In searching out the proportions I came upon "The Hashish Cookbook" written by "Panama Rose" and published in New York. A little bit of detective work among the "tangier mafia" in New York revealed the identity of "Panama Rose," and from deduction I figured out she most likely learned to make majoun from Mohammed. Her recipe is very similar, except in the method of adding the kif (cannabis).
I deny, absolutely, that I have ever tasted this recipe; on the other hand, let me tell you how Mohammed made majoun:
He placed about one pound of smen (ghee) in a pan with plenty of water and about 3 cups stalks, seeds, and leaves of kif. After bringing it to a boil he let it simmer 2 hours, then carefully strained it into a large, deep, roasting pan. He then threw away the stalks, seeds, and leaves and let the butter cool and rise to the top in the refrigerator overnight.

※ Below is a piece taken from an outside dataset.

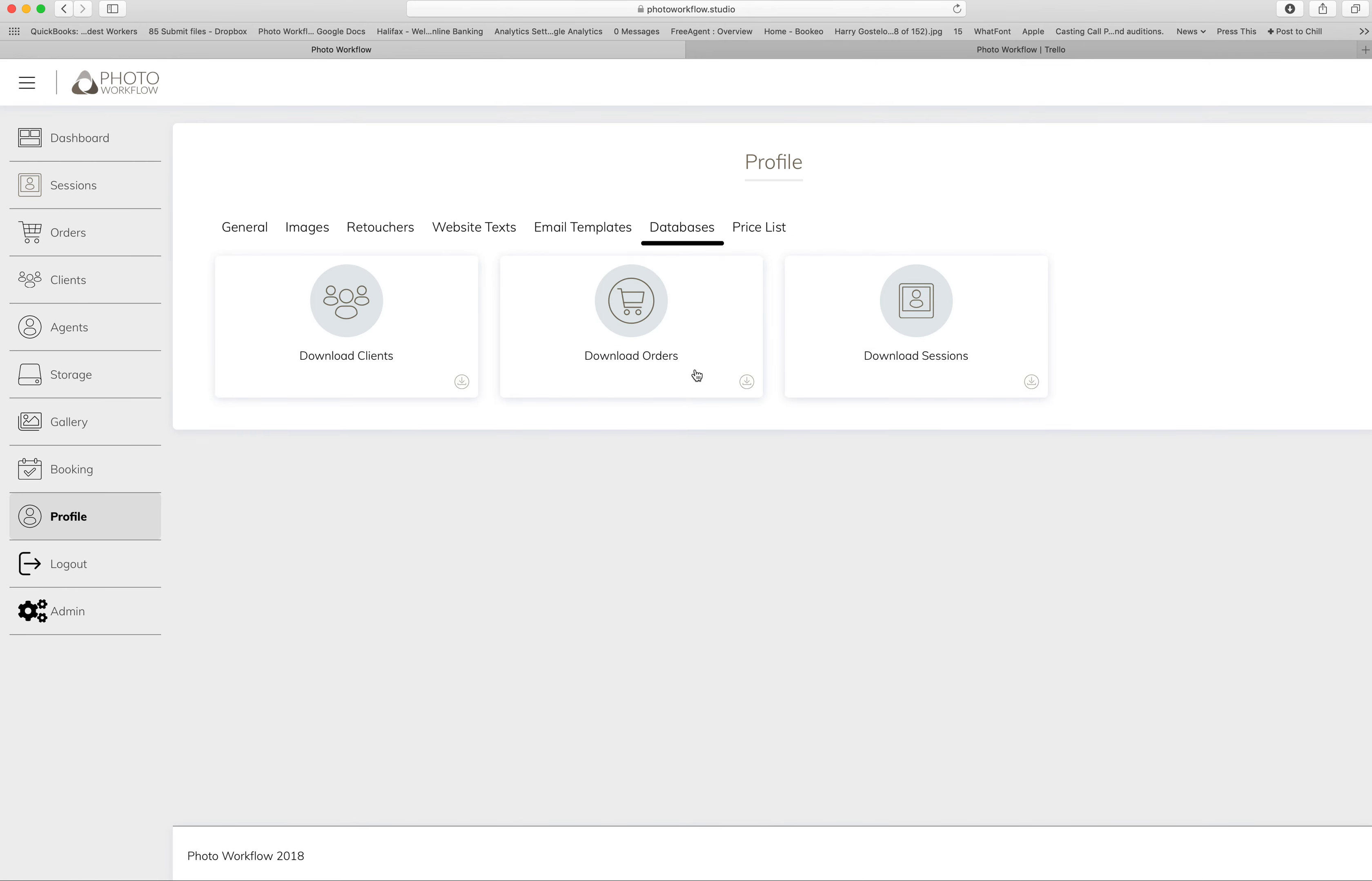...as well. So for some of you that maybe want to use the information through the booking system - like the financial details you're getting with deposits and total session costs - you could easily download that from Download Sessions into a CSV and then put it in your spreadsheet, Excel, whatever, and get an overview.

He then placed the butter in the pan with 1 pound chopped dates, 1 pound chopped figs, 1/2 pound raisins, 1 teaspoon ground ginger, some ground cinnamon, 1 tablespoon aniseed, 1/2 cup dark, heavy honey, and 1/2 cup each ground almonds and walnuts (these proportions are from The Hashish Cookbook). He then cooked all this together until it became very thick and brown. He added some orange flower water and ras el hanout to taste, and packed the majoun in clean jars.
My suggestion: Eat with care - never more than one tablespoon at a time.

Bram
02-12-2008, 10:02 AM
I am going to have to give this one a try. Anyting that makes someone run around a frog pond 4 times like that before disappearing has gotta be good.